Pour développer ses gammes, notamment en ce qui concerne les EPI et le soudage, les équipes se sont appuyées sur les compétences de Groupe Socoda, groupement auquel Frédéric Deville adhère depuis 2001 pour la branche Outils Pro et 2004 pour les aciers. Chez Suchail, comme chez Lopez, les rayons soudage et protection sont placés chacun sous la houlette de deux personnes dédiées, responsables de leurs achats et de leurs stocks, pour leur donner les moyens d'une plus grande réactivité. Les deux établissements bénéficient d'ailleurs des labels Soudage et Protection, décernés par Groupe Socoda. Chez l'un et l'autre, le soudage figure il est vrai au sein du chiffre d'affaires comme la première famille de produits, suivie par la protection individuelle, l’outillage à main et l’outillage électroportatif.

Par ailleurs, si chaque site dispose de ses propres acheteurs, 70 à 80% des achats FI s'effectuent dans le cadre du référentiel Socoda et les équipes participent à toutes les commissions organisées par le groupement. Toutes les opérations commerciales inscrites dans le Plan d'Animations et d'Actions Commerciales du groupement sont également suivies, auxquelles s'ajoutent des opérations menées à l'initiative des points de vente et coordonnées par le responsable marketing du groupe. « Groupe Socoda accompagne depuis 2001 le développement de l'entreprise. Je trouve dans le groupement une dynamique, une grande compétence. Les échanges entre adhérents sont très constructifs. Pour un indépendant de ma taille, je ne conçois pas d'être seul sans Socoda, notamment dans les aciers. L’indépendance est portée très haut dans le groupe ».
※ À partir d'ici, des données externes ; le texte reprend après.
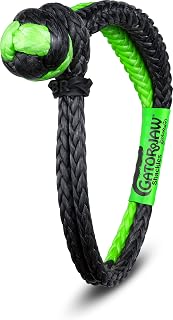 Bubba Rope 176746NGGB Heavy Duty 3/8" Synthetic Shackle NexGen PRO Gator Jaw Breaking Strength of 47,000 lb with HMPE in Green and Black, Accessory Ideal for Recovery and Towing Stuck Vehicle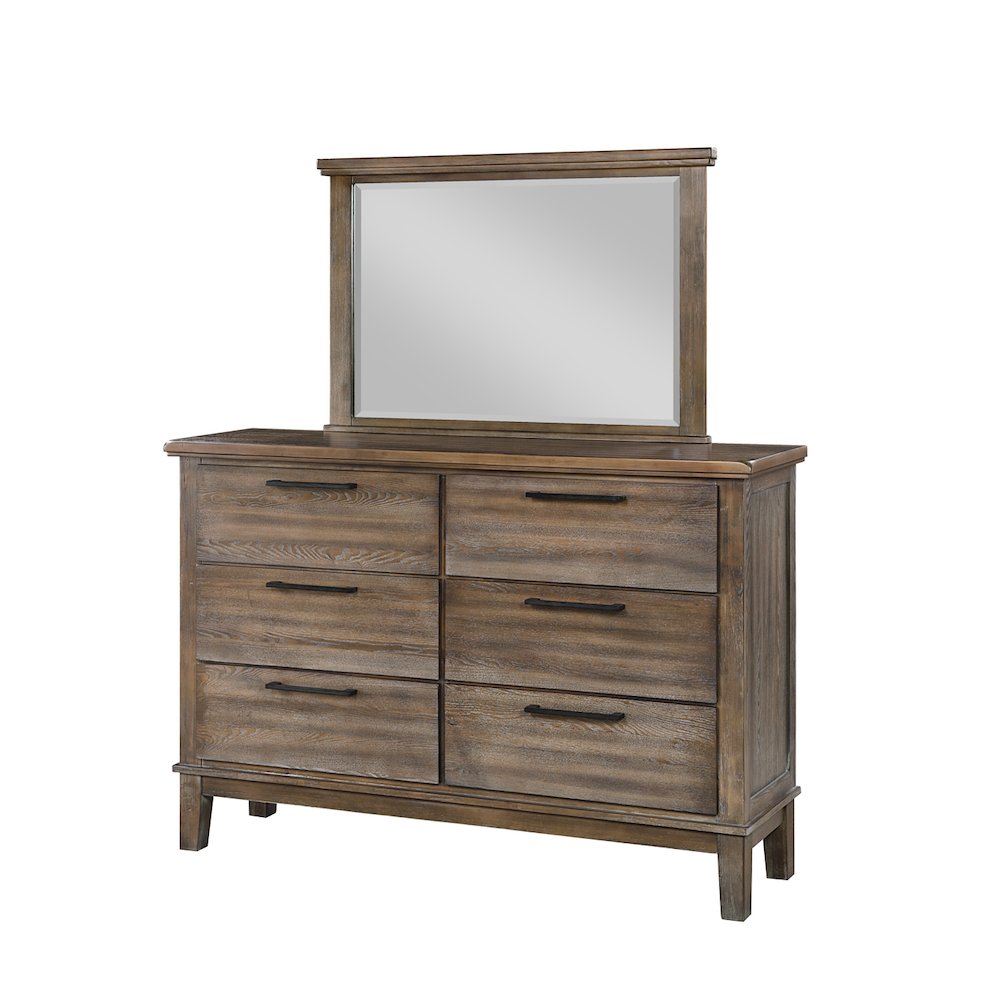 Cagney Wood 6-Drawer Dresser with Mirror, Vintage Gray. Picture 1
Fidèle également aux engagements du groupement en matière de développement durable, le groupe Deville a été l'un des premiers à réaliser le bilan carbone de ses différents sites. Les enseignements qui en ont été tirés ont sans doute conditionné certaines décisions prises par la suite, en témoignent par exemple une refonte de la gestion des tournées en ce qui concerne l’acier avec la mise en place d’un budget transport, l'optimisation des livraisons en FI avec plus de départs de commandes complètes ou encore le choix de véhicules moins gourmands et moins polluants, sachant que le groupe dispose d'un parc de quarante-cinq véhicules de toutes tailles. De même, lors de la rénovation du point de vente de Suchail, Frédéric Deville n'a pas hésité à refaire entièrement le bardage ainsi que l'isolation. « Sans le bilan carbone, nous aurions peut-être adopté ces démarches de bon sens. Mais il nous a sans doute incités à être plus vigilants ».

Internet, un nouveau cap

L'apport de Groupe Socoda est également jugé essentiel pour le travail que mène actuellement le groupe en ce qui concerne la mise en place de la vente en ligne. Lopez dispose depuis l’an dernier d'un portail permettant l'accès du catalogue (tout ou partie) à certains clients. Le chantier est en cours chez Suchail et devrait aboutir fin 2014, avec également l’édition d’un catalogue papier. Ne disposant pas des mêmes cartes fournisseurs, les deux entreprises ne peuvent effectivement proposer le même catalogue. « Avec Internet, nous avons pris notre temps. Nous n'avions pas de demandes pressantes de nos clients et le but est avant tout d’avoir un site digne de ce nom et pas seulement un site vitrine » souligne Frédéric Deville.

Implanté sur un tissu industriel composé essentiellement de petites et moyennes entreprises, notamment des entreprises du bâtiment tournées vers la charpente métallique ou encore la serrurerie, ainsi que des collectivités territoriales, le groupe ne travaille il est vrai pas les grands comptes. « Je ne sais pas si Internet nous apporte de nouveaux clients. Mais une chose est sûre, cela nous empêche d’en perdre. C'est donc pour nous un moyen d'éviter l'évaporation ». En 2015, Frédéric Deville prolongera sa réflexion avec la mise en place d'un site marchand, ce qui supposera sans doute une nouvelle organisation dans l'entreprise.

« Avant tout, l'objectif est de chercher à satisfaire au mieux les besoins de nos clients, avec nos propres moyens, quitte à ne pas rester enfermés dans nos systèmes de fonctionnement actuel. Il faut parfois savoir penser autrement les choses ». A suivre.